Rendez-vous avec la peur fait partie de ces films dits maudits, car leurs producteurs ont mis leurs sales pattes dessus, et ont réalisé derrière le dos de Tourneur une autre version, destinée aux Etats-Unis, plus courte, et plus suggestive sur la notion de la peur. La version dite intégrale (celle que j'ai vu) n'a pas été épargnée non plus, mais à moindre échelle, j'en parlerais plus tard.
Le film raconte le traitement de la peur, sous la forme d'une enquête d'un psy, provenant d'Amérique, qui a appris qu'un de ses amis est mort en Angleterre de façon mystérieuse. Il va ainsi rencontrer de fil en aiguille des médecins persuadés qu'il y a une vie au-delà de la mort, et qu'on peut communiquer avec les défunts. Mais avant tout, le film parle de la peur, suggérée soit par des présences via des ombres, des animaux, ou de la fumée qui suggérerait la présence d'un démon en chacun de nous.
Je souhaite être volontairement abscons sur les vrais enjeux du film (qui va plus loin que mes lignes ci-dessus), mais il reste assez surprenant, car réalisé de manière très réussie (très grand travail sur les ombres et les perspectives) et avec une distribution formidable avec à sa tête l'excellent Dana Andrews, ainsi que Peggy Cummins (Gun Crazy) et l'étonnant Niall MacGinnis (qui est en quelque sorte le méchant de l'histoire).
Cependant, bien que j'ai aimé le film, il n'est peut-être pas aussi effrayant que ce que suggérait quelqu'un comme Martin Scorsese, qui le classe très haut dans ce qu'il a vu de plus flippant.
Je pense qu'il faut le remettre dans son contexte (fin des années 50), et qu'il joue beaucoup sur la suggestion, sauf sur les apparitions du démon.
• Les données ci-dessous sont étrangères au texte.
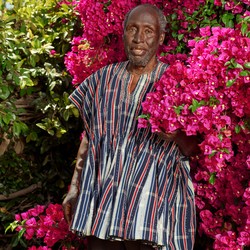 The author Ngũgĩ wa Thiong'o standing in front of pink flowers in an African-made shirt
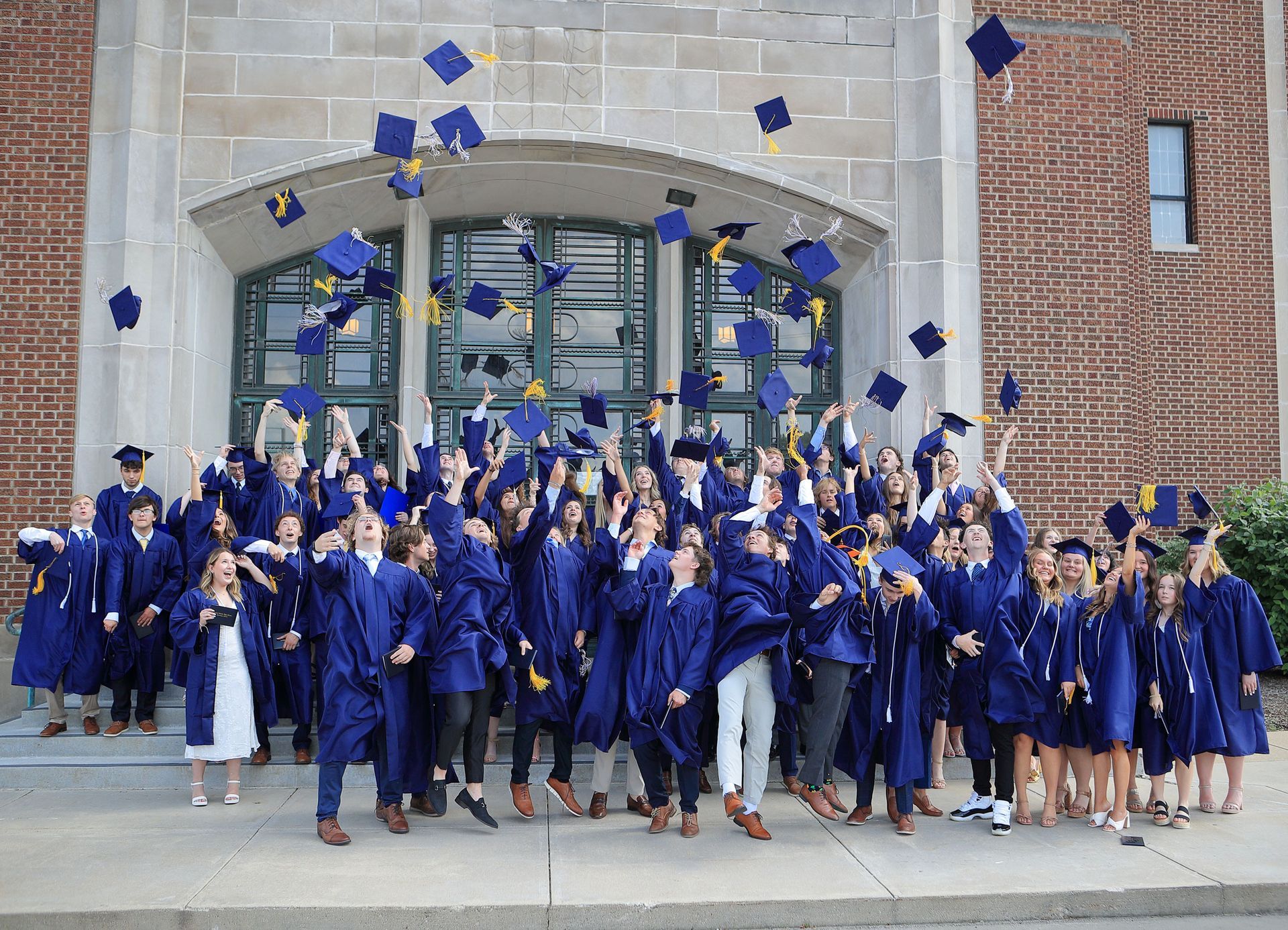 A large group of graduates are throwing their caps in the air.
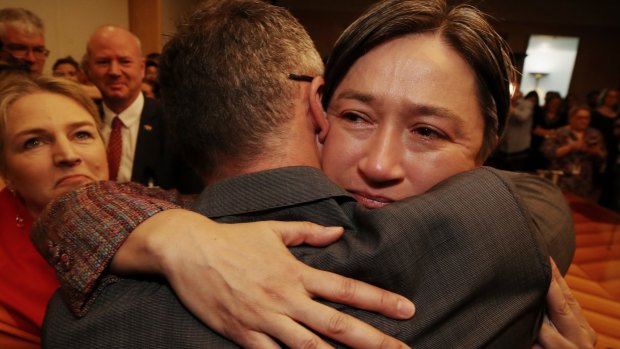 Senator Penny Wong hugs Senator Richard Di Natale after the result in the same sex marriage survey at Parliament House.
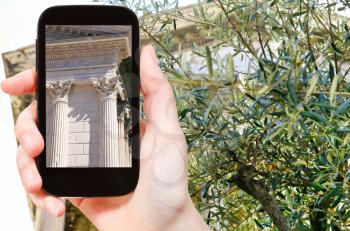 travel concept - tourist taking photo of ancient roman temple Maison Carree, Nimes, Franceon mobile gadget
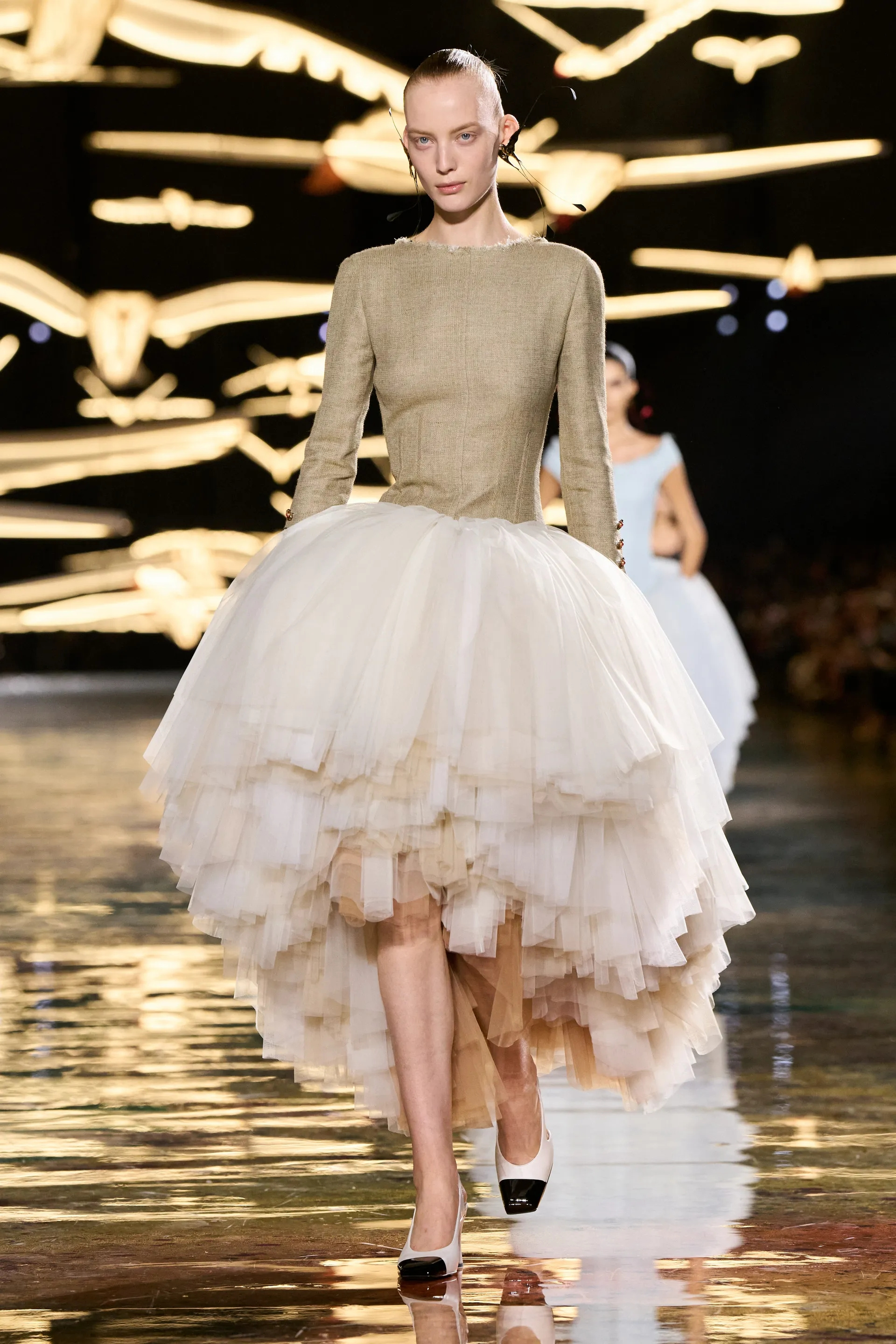 A model walks the runway at the Chanel show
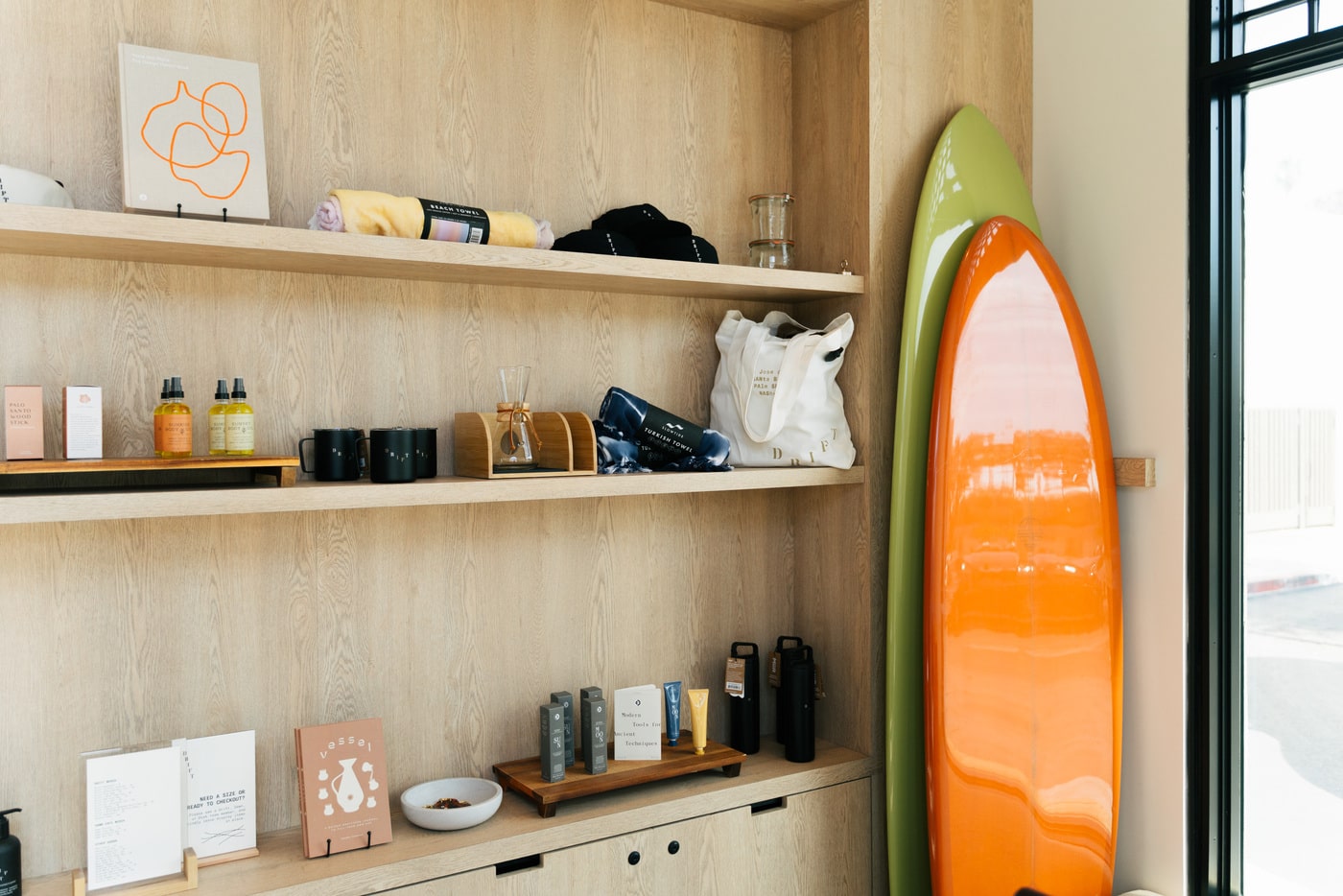 A bright orange and green surfboard stands upright next to wooden shelves stocked with towels, mugs, skincare products, and accessories inside a modern surf shop.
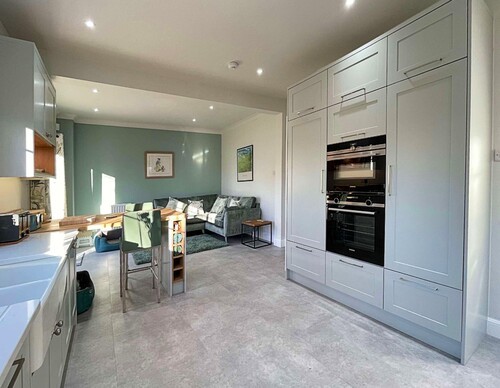 White kitchen cabinets with wooden countertops and grey tile backsplash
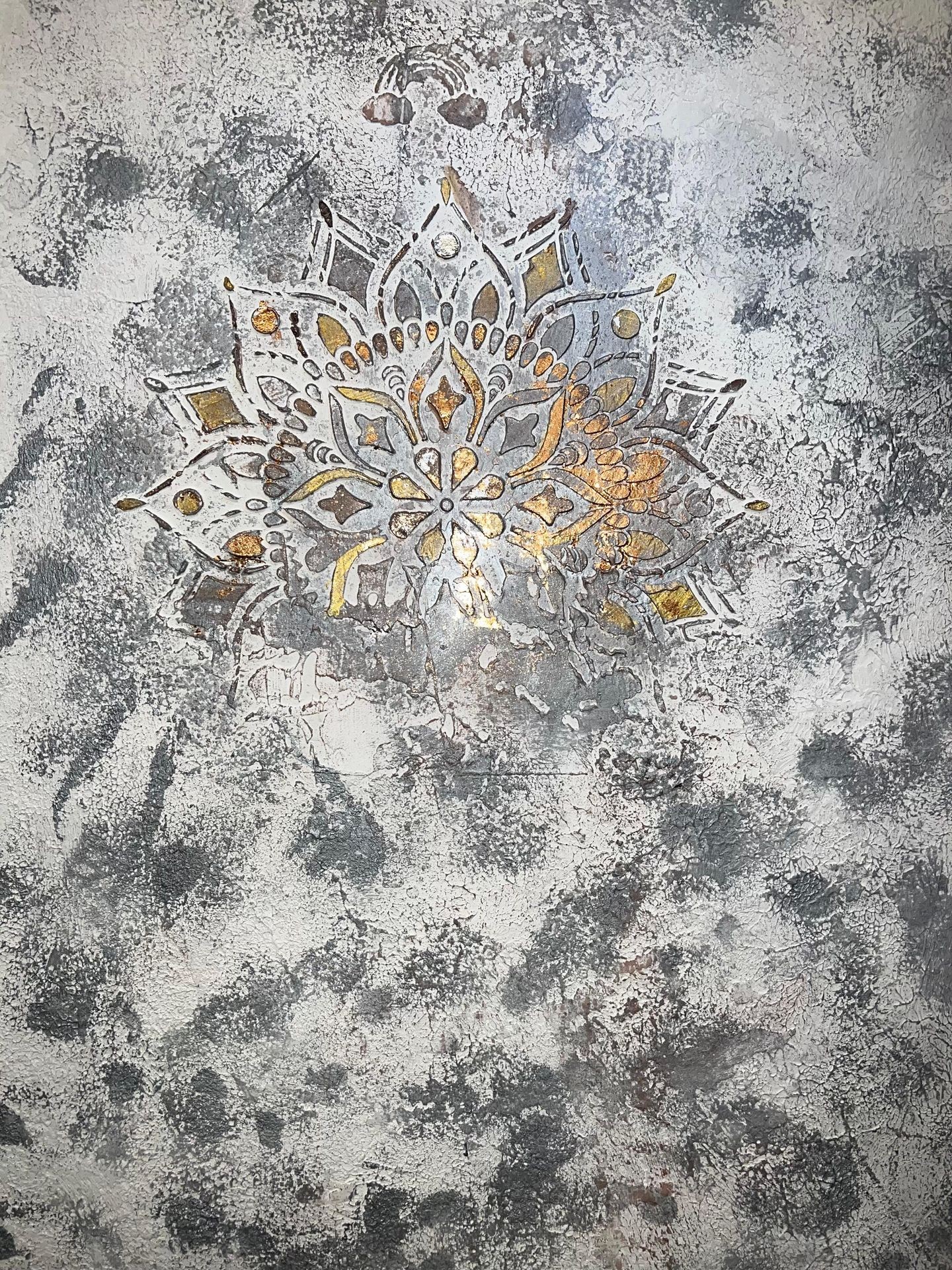 Intricate floral mandala design on a textured, weathered wall surface.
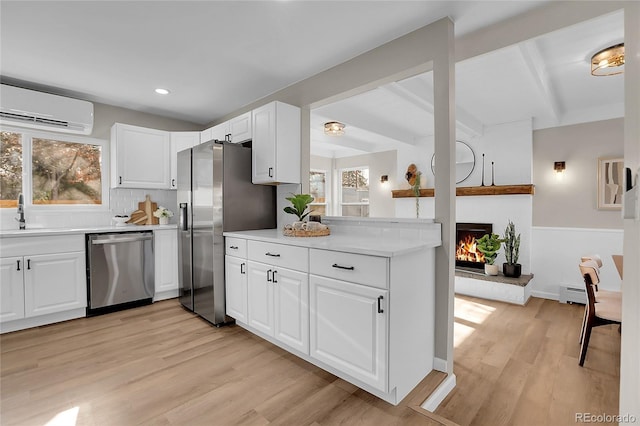 kitchen with an AC wall unit, plenty of natural light, white cabinetry, and appliances with stainless steel finishes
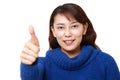 asian woman with thumbs up gesture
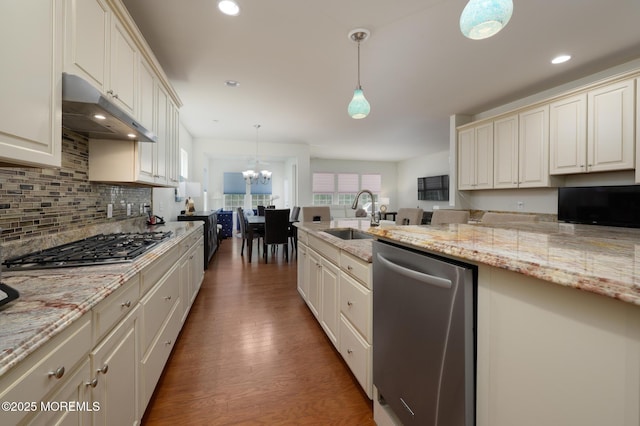 5 Gainsborough Ln, Manchester, NJ 08759 - kitchen featuring stainless steel appliances, under cabinet range hood, backsplash, a chandelier, and wood finished floors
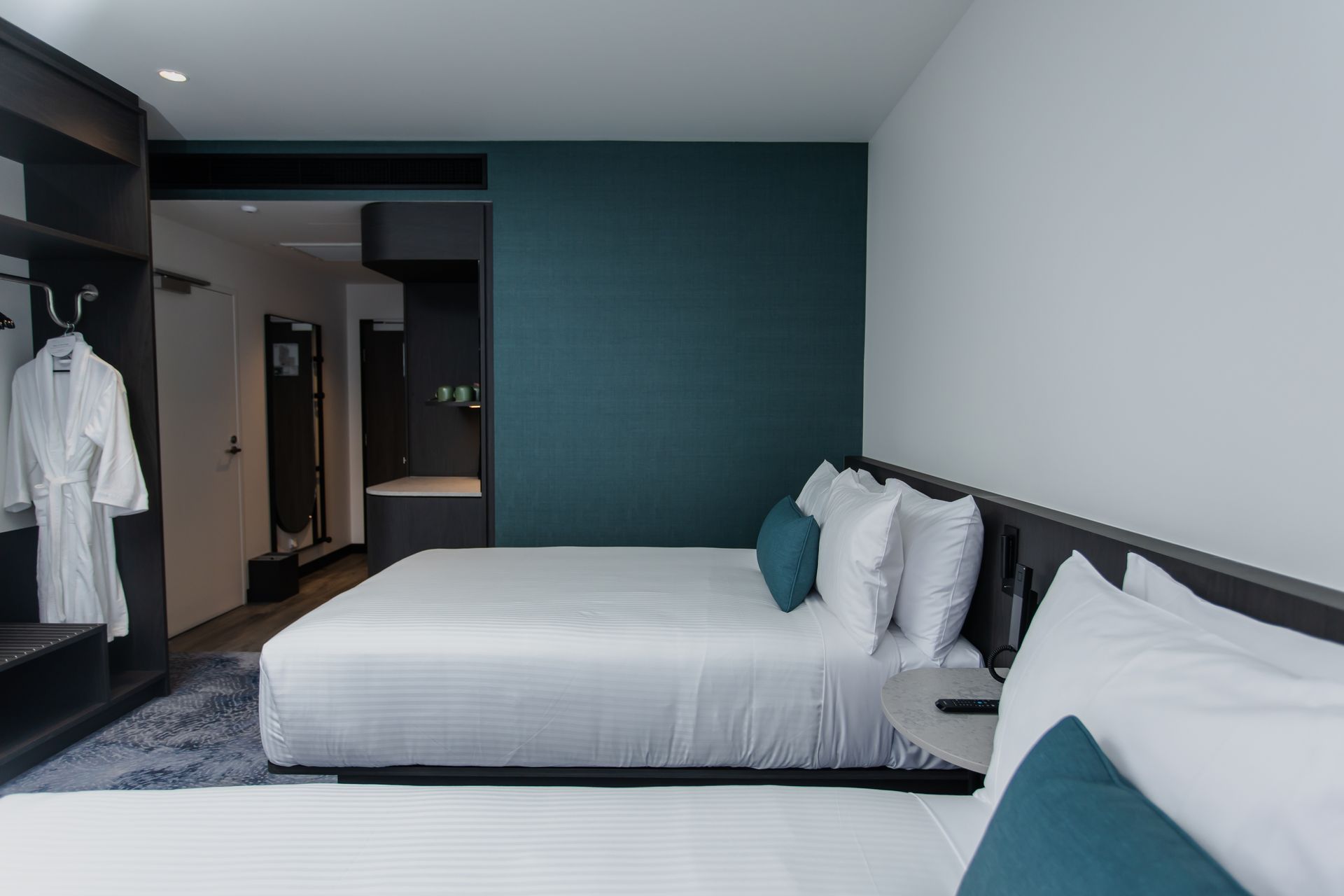 Modern hotel room with two beds, teal accent wall, open closet, and hallway view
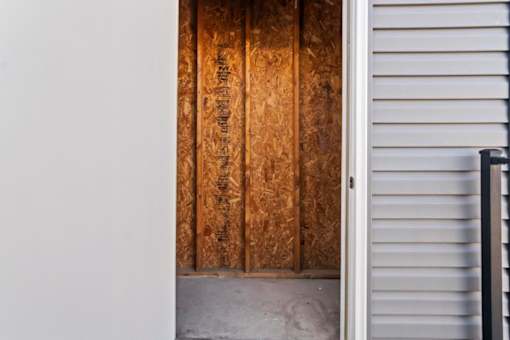 A wooden door with a white wall on the left and a white wall with a black railing on the right.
Dans la version intégrale, c'est le seule élément gardé à contre-coeur par le réalisateur, car il explicite beaucoup plus de choses que le laisse suggérer l'histoire, en plus d'être assez ridicule à l'image.
Cela dit, il donne au film un très beau plan final où un train passe devant une gare, sifflant comme une hurlement strident. Présence ou non du monstre ?
Jacques Tourneur est un réalisateur qui s'est baladé dans beaucoup de genres, du fantastique au film noir, en passant par le western, et Rendez-vous avec la peur semble avoir été un projet plus personnel qu'il n'y parait, notamment sur ses croyance vis-à-vis de la mort.
Je parle rarement des éditions des films, mais je recommande fortement celle parue chez Wild Side en 2013, car le blu-ray (et dvd) comprend un livre de près de 150 pages absolument formidable sur le tournage, et qui donne plein de clés de compréhension.